NZ MP Enjoys Copyright Infringement, Votes For 3 Strikes
An anonymous reader writes "As New Zealand politicians are looking to rush through a new copyright law, 92A, which imposes a 'three strikes' regime on people accused of file sharing, some New Zealanders were a bit amused to see Parliament Member Melissa Lee stand up to speak in favor of the bill just hours after tweeting how she was enjoying a compilation of music put together for her by a friend. Does that count as her first strike?"
Melissa Lee is just the National Party's token Asian, and after a by election shambles has probably risen about as far in the party as she is ever going to. She is not very smart, and every time she opens her mouth in public she proves it again. She is however quite nice looking, and probably brings a bunch of Asian votes.
New Zealand simply needs a national day of action, where three people place copyright infringement claims against every member of parliament who voted for the three strikes laws. Just to see what happens.
In fact it's probably worth putting in three infringement claims against everyone just to see how long it takes to shut NZ's internet down.
I am government man, come from the government. The government has sent me. -- G.I.R.
If one person who legally posses a CD/DVD with copyrighted material loans it to another person that is quite different than some other person who makes an entire library of music available to everyone over an internet connection. The three strikes law seems to apply to file sharing sharing only, not copyright violation in general. Its not even certain there is a copyright violation in this case.
No, actually it's copyright infringement in both cases. They are exactly the same. The only difference is in the number of infringements.

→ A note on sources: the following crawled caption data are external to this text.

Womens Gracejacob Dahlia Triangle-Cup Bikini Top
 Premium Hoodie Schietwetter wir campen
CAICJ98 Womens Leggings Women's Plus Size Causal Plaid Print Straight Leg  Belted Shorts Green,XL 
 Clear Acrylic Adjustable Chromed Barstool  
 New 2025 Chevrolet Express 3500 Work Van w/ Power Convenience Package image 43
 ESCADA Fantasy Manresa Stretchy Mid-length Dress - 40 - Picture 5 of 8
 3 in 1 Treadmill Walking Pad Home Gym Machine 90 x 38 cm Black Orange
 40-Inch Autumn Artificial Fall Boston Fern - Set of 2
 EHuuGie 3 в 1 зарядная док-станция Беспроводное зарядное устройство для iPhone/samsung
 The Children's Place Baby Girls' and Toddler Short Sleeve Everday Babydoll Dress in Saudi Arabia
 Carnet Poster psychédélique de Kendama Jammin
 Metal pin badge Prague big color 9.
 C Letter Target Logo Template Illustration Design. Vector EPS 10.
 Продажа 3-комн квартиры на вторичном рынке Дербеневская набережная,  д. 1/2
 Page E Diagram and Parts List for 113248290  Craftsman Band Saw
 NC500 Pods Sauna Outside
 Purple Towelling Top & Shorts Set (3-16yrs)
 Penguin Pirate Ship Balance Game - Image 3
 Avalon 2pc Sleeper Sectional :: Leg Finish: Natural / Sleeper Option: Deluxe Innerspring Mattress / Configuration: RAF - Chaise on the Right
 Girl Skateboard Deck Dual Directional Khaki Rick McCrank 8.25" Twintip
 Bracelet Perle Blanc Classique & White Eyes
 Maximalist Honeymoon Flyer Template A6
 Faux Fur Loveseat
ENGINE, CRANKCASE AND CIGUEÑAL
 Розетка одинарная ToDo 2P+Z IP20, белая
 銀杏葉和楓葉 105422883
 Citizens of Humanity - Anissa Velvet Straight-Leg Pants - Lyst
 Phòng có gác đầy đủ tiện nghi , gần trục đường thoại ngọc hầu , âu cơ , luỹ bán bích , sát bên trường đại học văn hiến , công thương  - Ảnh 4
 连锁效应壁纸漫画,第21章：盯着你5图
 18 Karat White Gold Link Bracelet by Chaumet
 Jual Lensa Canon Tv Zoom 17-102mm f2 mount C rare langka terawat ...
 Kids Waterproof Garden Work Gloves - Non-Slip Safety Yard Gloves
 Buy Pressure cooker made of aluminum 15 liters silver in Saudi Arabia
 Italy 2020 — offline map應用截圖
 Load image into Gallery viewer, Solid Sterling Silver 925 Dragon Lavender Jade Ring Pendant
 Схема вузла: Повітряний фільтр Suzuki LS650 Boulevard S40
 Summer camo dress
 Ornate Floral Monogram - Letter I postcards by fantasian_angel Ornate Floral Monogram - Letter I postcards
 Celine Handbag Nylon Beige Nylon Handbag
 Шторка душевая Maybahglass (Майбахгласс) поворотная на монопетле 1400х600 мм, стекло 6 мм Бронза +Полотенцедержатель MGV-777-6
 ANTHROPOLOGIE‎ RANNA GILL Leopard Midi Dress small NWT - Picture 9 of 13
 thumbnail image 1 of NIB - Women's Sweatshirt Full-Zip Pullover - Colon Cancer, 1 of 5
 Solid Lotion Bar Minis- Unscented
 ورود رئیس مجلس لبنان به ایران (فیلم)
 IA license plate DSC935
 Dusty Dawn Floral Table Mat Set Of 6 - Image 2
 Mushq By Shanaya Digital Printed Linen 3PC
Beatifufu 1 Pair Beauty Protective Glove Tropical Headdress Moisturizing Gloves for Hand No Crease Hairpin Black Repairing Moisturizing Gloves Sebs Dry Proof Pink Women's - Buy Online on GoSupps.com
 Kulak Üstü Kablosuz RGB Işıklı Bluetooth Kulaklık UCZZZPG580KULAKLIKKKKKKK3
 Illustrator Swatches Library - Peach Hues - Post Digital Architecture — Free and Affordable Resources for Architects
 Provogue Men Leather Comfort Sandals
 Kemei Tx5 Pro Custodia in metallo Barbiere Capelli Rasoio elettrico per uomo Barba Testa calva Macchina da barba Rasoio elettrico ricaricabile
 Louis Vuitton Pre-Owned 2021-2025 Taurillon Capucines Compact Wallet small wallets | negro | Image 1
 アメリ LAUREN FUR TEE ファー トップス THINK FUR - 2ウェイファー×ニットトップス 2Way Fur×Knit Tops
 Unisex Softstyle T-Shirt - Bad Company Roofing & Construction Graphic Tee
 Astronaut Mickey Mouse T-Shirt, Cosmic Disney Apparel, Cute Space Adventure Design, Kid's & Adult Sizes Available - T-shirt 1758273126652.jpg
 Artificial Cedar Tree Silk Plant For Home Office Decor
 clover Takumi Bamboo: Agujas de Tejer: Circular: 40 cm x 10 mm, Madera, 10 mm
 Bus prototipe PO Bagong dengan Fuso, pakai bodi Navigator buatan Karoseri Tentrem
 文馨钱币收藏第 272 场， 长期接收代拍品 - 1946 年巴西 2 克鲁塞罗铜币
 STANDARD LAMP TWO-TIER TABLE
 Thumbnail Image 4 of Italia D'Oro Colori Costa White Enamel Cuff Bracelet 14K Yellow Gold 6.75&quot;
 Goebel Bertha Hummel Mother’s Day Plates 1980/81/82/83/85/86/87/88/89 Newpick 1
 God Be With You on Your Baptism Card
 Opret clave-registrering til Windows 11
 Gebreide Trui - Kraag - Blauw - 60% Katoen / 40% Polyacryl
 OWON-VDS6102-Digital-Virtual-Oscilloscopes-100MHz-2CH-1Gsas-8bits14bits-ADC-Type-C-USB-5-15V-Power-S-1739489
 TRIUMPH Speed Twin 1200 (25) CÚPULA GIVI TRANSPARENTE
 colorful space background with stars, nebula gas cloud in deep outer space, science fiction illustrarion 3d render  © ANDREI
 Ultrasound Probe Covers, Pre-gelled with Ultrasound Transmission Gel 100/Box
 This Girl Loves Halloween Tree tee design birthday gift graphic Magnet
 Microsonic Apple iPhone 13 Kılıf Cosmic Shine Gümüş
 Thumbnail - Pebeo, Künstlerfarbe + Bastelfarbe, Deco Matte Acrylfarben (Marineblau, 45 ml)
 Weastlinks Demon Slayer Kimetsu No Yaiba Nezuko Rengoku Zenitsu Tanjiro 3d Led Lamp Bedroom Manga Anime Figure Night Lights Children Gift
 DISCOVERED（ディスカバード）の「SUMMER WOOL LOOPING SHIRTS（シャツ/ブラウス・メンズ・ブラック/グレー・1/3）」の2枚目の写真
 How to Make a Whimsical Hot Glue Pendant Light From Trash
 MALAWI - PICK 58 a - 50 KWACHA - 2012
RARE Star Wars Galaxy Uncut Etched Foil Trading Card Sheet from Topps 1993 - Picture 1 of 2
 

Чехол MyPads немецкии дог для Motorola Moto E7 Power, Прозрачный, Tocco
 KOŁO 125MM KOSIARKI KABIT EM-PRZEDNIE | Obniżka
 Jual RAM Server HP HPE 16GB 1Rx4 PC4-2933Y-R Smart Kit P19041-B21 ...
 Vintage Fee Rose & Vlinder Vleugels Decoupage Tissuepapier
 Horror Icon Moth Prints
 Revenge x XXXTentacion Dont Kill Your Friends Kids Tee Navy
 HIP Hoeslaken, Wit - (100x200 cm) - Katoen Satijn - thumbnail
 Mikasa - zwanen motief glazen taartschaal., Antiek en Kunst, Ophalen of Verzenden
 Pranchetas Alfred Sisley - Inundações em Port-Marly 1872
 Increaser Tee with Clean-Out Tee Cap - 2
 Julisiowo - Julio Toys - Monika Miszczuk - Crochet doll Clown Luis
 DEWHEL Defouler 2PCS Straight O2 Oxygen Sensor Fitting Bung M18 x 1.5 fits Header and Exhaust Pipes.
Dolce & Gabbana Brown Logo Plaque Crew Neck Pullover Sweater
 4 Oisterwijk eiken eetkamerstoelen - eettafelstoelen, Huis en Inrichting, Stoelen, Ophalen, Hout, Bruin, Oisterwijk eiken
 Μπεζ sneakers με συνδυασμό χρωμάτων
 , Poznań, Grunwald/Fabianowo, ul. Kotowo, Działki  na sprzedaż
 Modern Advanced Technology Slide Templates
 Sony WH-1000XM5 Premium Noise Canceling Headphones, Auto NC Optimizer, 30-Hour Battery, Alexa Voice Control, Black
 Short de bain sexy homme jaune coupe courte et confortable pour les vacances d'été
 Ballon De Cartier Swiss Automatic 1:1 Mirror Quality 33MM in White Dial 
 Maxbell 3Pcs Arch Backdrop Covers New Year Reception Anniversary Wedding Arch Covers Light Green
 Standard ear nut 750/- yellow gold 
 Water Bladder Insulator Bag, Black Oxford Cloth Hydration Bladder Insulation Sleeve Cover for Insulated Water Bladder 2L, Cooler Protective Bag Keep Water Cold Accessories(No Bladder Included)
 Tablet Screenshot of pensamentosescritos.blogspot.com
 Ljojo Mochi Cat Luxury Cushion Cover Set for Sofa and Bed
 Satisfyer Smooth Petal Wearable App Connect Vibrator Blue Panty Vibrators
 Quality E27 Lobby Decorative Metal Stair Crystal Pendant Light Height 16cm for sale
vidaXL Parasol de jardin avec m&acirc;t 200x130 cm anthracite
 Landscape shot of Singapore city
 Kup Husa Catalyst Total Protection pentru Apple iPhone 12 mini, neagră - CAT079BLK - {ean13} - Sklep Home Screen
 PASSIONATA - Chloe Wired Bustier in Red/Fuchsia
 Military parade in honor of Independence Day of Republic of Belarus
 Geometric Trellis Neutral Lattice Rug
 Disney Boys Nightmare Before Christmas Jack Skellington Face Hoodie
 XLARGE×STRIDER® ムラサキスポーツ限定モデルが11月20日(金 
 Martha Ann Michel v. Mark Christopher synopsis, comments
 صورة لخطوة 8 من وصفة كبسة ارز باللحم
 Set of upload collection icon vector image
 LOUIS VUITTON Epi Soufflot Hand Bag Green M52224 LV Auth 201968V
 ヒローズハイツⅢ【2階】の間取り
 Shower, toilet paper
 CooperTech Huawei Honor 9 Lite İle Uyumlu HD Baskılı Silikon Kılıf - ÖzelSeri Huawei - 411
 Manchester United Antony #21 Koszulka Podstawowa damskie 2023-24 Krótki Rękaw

What you're saying is that murdering one person is very different from murdering 5 or 6 people. It's not, it's the same, just different numbers.
The difference here is that you don't need to be found guilty of murder, I can just accuse you of it. Three accusations and you're off to jail.
I am government man, come from the government. The government has sent me. -- G.I.R.
The Governor-General, for those non-colonials, exercises the supreme executive power of the Commonwealth. This still involves rum rationing, beating back the filthy natives and occasionally blocking legislation that interferes with their profligate lifestyles.
In Australia, all of their functions could theoretically be fulfilled by a giant rubber stamp that hates change and is uncomfortable around dark people.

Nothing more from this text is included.